[Short web captions]
....
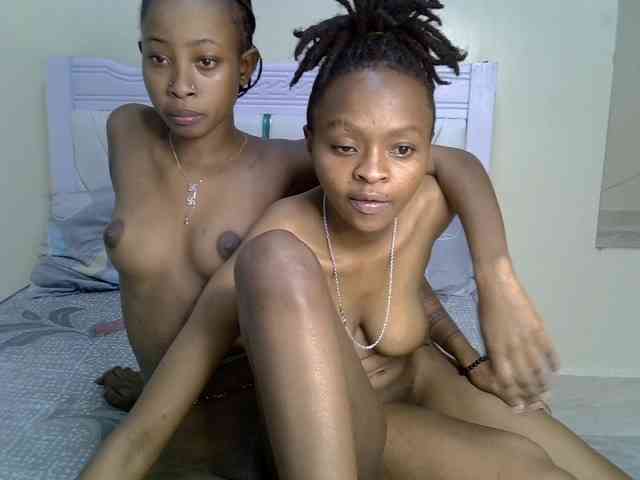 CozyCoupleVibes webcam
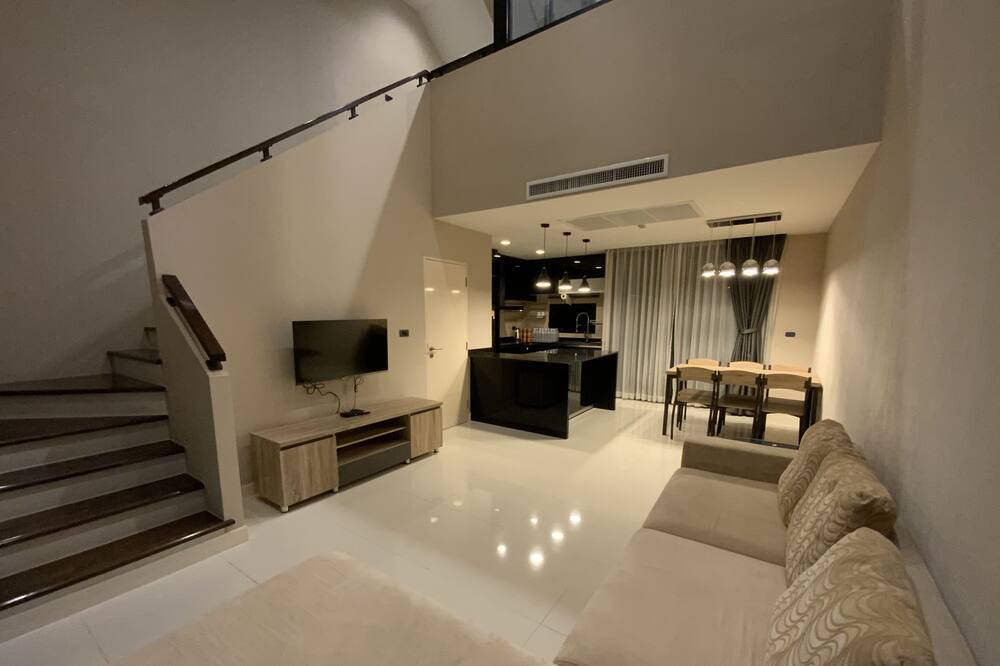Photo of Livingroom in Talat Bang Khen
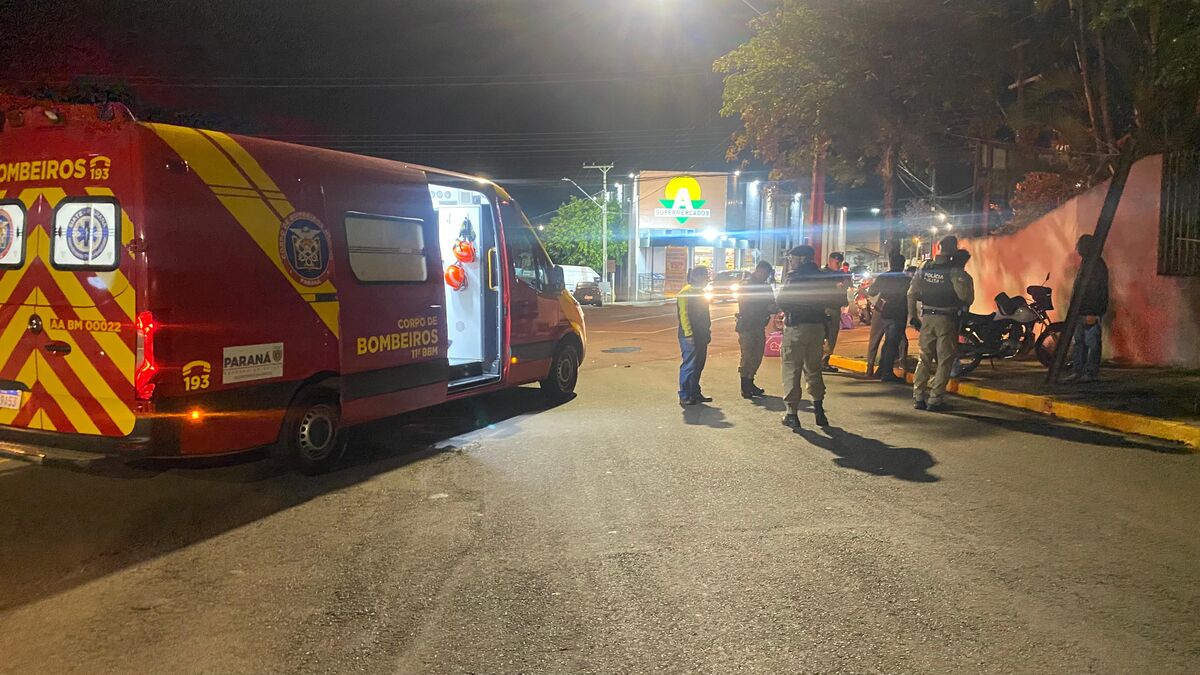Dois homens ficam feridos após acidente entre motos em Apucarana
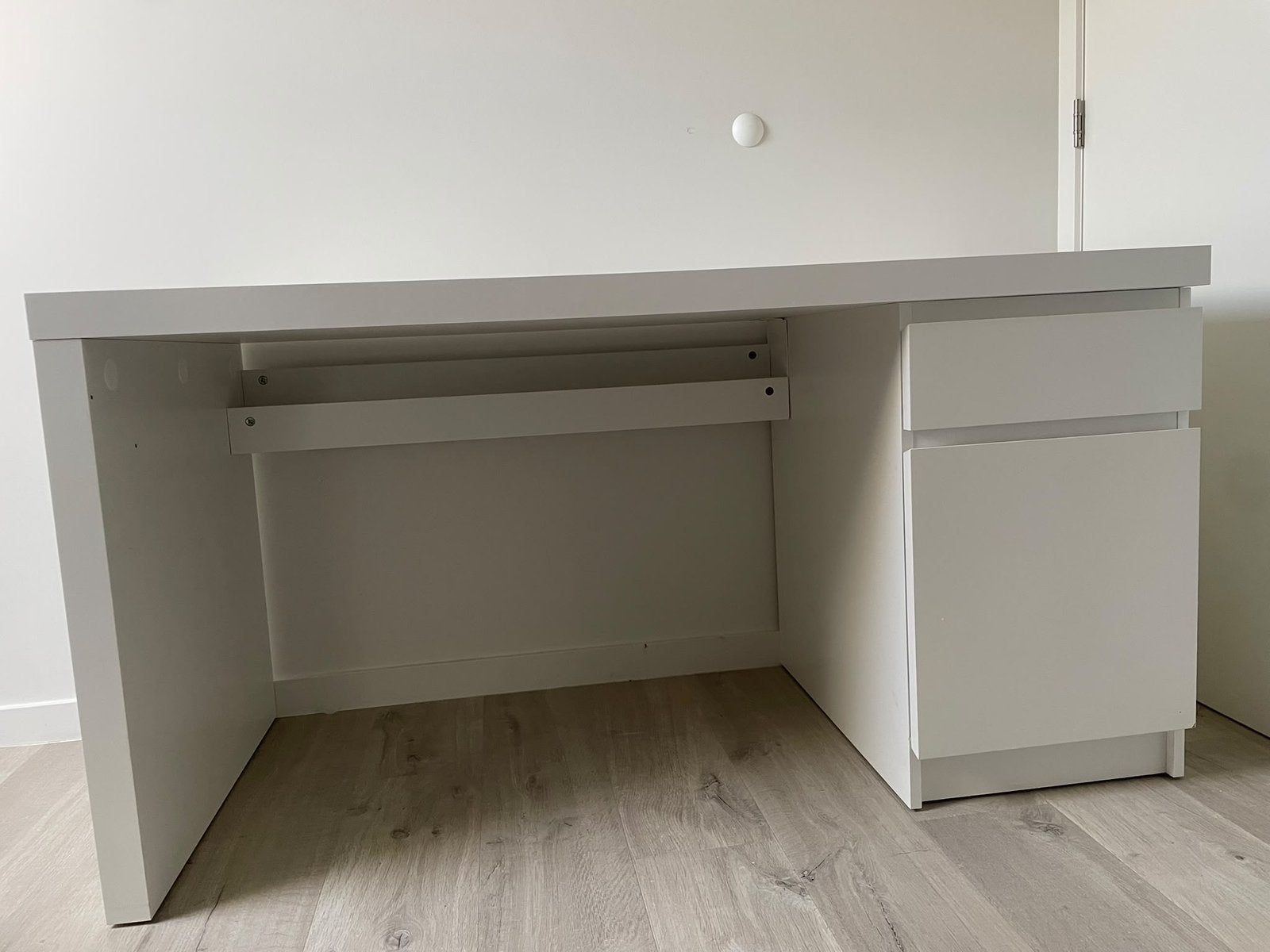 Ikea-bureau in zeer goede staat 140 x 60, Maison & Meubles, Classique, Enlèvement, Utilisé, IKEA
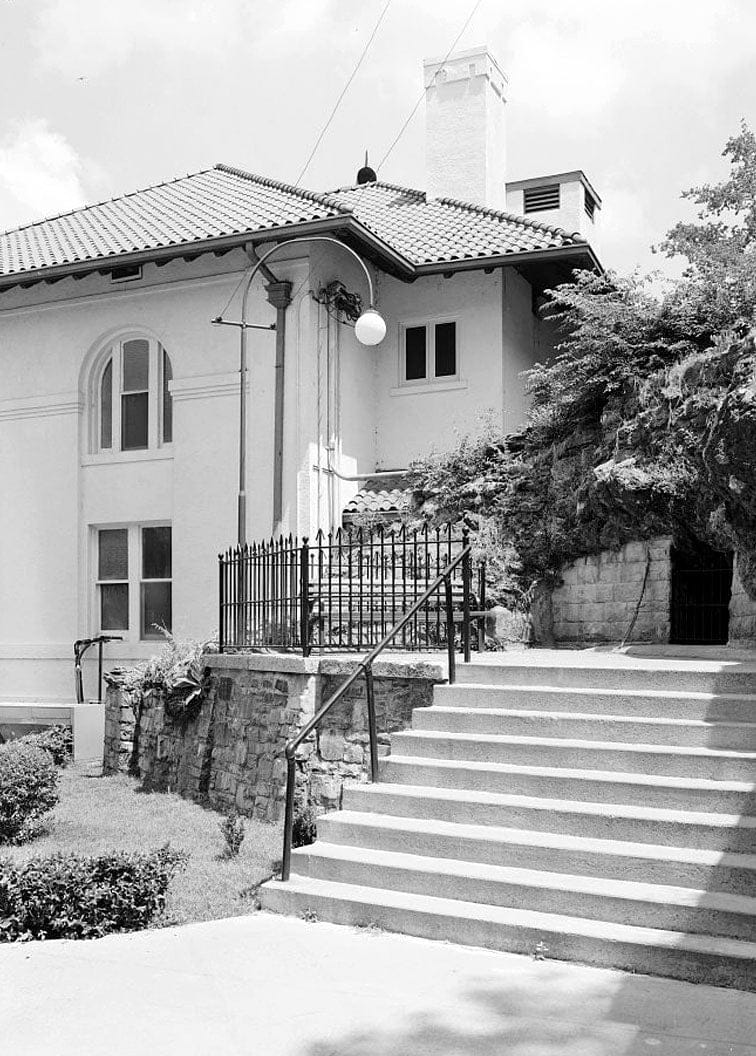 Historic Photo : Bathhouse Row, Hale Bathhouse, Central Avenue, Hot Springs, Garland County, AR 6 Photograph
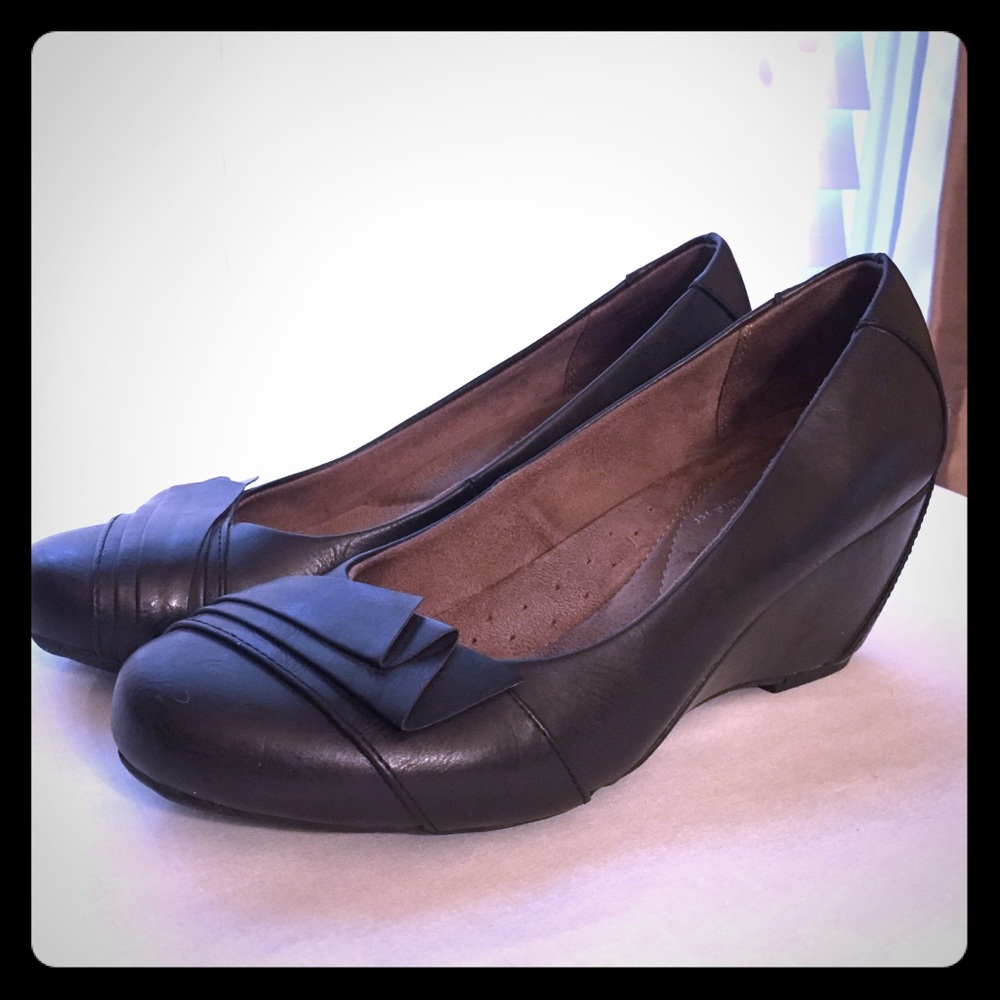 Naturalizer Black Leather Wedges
....
▶ **WHAT YOU NEED TO DO**: When you transcribe the entries above, keep every word exact and leave out the pictures.

▶ **RESULT FOR THIS TASK**:
 CozyCoupleVibes webcam
Photo of Livingroom in Talat Bang Khen
Dois homens ficam feridos após acidente entre motos em Apucarana
 Ikea-bureau in zeer goede staat 140 x 60, Maison & Meubles, Classique, Enlèvement, Utilisé, IKEA
 Historic Photo : Bathhouse Row, Hale Bathhouse, Central Avenue, Hot Springs, Garland County, AR 6 Photograph
 Naturalizer Black Leather Wedges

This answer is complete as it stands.